Ilha do Medo (2010)

“Which would be worse, to live as a monster, or to die as a good man?”

Baseado no livro Paciente 67, de Dennis Lehane e dirigido pelo digno Martin Scorsese a Ilha do Medo tem pitadinhas atrativas para um filme bom de suspense: O clima psicótico por conta do local da trama – uma ilha que abriga uma grande Clínica para doentes mentais, a maioria que já cometeu crimes hediondos – e claro, uma névoa de filme noir, do qual puxa referências fortes de diversos filmes de baixo custo feitos antigamente.

Seu roteiro também soa interessante: A história se passa em 1954. Teddy Daniels (Leonardo DiCaprio) e um outro agente, Chuck Aule (Mark Ruffalo) chega em Shutter Island, uma ilha cuja balsa passa somente uma vez por dia e que abriga um Sanatório, para investigar o sumiço de uma paciente, além de Teddy manter segundas intenções na investigação por questões particulares que ainda assombravam suas memórias, num trauma e conflito psicológico constante. Perdeu sua esposa num incêndio, e tinha visões ou pesadelos não só com ela, mas com uma menininha que afirmava que ele podia ter salvo sua vida. Duvidando de tudo e de todos, especialmente do médico psiquiatra que cuida do local, Dr.Cawley (Ben Kingsley), Teddy passa a desconfiar que as pessoas da Ilha trouxeram ele de propósito para lá, no intuito de fazer experimentos piscológicos nele. Desconfia até mesmo de seu parceiro Chuck, que conhecera no dia em que chegou a Ilha.

O tema soa atrativo, creio que para a maioria das pessoas que até mesmo por conta do título nacional, faz-se pensar ser um filme de terror e suspense que bota muito medo e tensão. Bom, tensão até sim, medo, nenhum… O filme não tem pitadas de terror e sim de um suspense com toques mais elegantes em pitadas certas de sustos ou apreensão. Seu enredo, apesar de ser para muitos já previsível o que leva a depreciar a qualidade do longa, é também bem desenvolvido, capaz de te envolver em todas as cenas.
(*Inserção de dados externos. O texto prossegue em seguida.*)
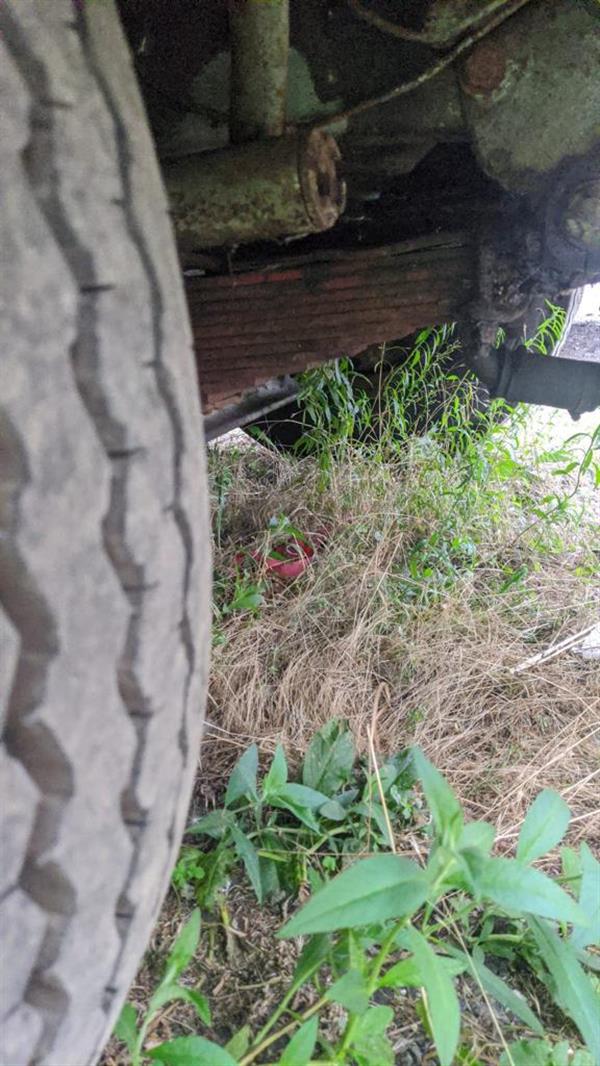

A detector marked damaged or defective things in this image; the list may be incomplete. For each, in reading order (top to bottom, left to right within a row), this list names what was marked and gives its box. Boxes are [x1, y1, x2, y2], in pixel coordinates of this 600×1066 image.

Entretanto, apesar de uma linguagem visual muito boa, e das belíssimas atuações dos 3 personagens – Kinglsey, Ruffalo e DiCaprio – existem certos furos na história (coisas que não teria como citá-los agora sem acabar revelando spoilers) como memórias redundantes e excessivas de Teddy Daniels relembrando os traumas da Guerra, que aparentemente não possui relação tão direta com o foco de seu problema e não agrega muito para o filme se não a questão das próprias referências visuais de Scorsese e claro, talvez o significado de enfiar lembranças de uma menininha que passa a fazer sentido somente com os esclarecimentos finais.
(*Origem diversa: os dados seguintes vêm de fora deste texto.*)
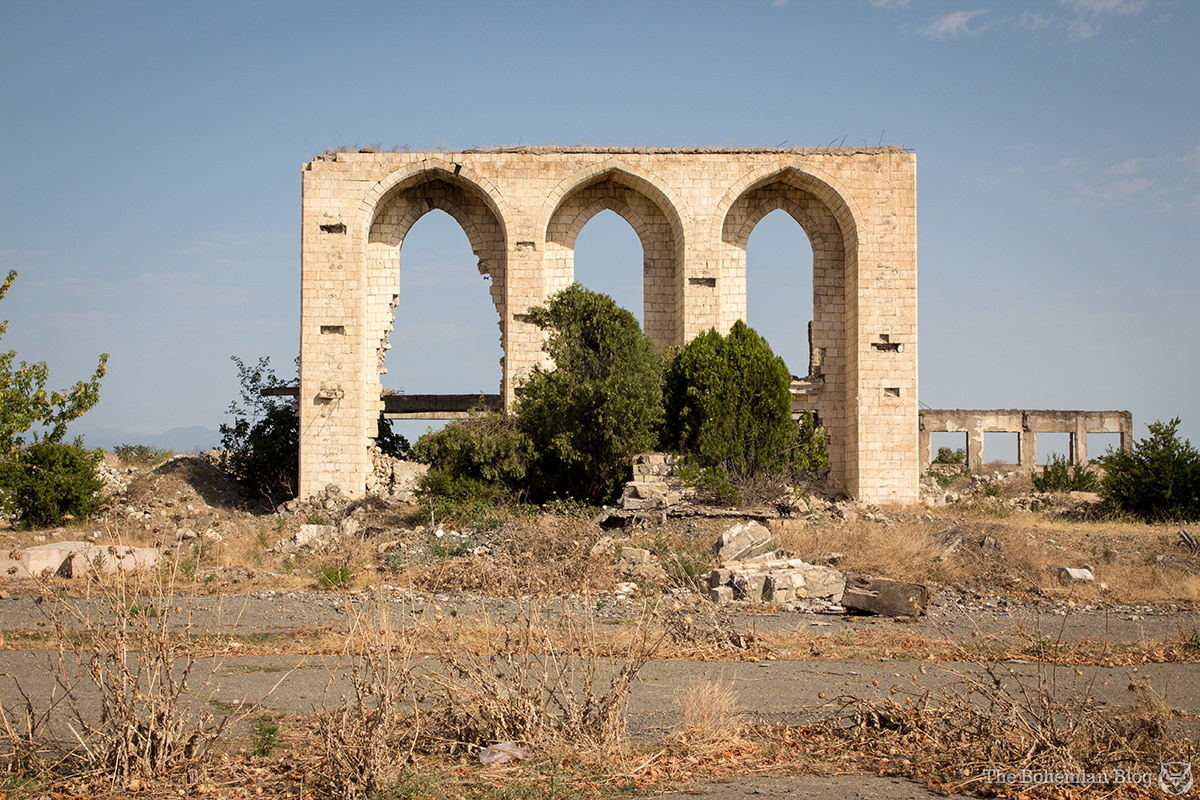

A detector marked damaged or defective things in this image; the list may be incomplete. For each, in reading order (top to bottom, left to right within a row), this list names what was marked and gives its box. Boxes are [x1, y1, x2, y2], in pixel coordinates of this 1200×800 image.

Contudo, de forma alguma Ilha do Medo é um filme dispensável. Afinal, um filme de Scorsese nunca é dispensável. Vale muito a pena ver, porque ele tem boas pitadas que te levam a se surpreender e tentar repassá-lo em sua cabeça, a fim de tentar compreender cada ponto deste delírio. Aliás, filmes que abordam este tema, tem chances de soar interessante… E Leonardo DiCaprio está realmente excelente em seu papel e chego a me perguntar porque raios (se não pelos $$ ) ele inventou participar de um filme como Titanic, se ele é tão bom em filmes como Os Infiltrados (também de Scorsese),  A Origem etc… Mããsss enfim… foi um leve desabafo…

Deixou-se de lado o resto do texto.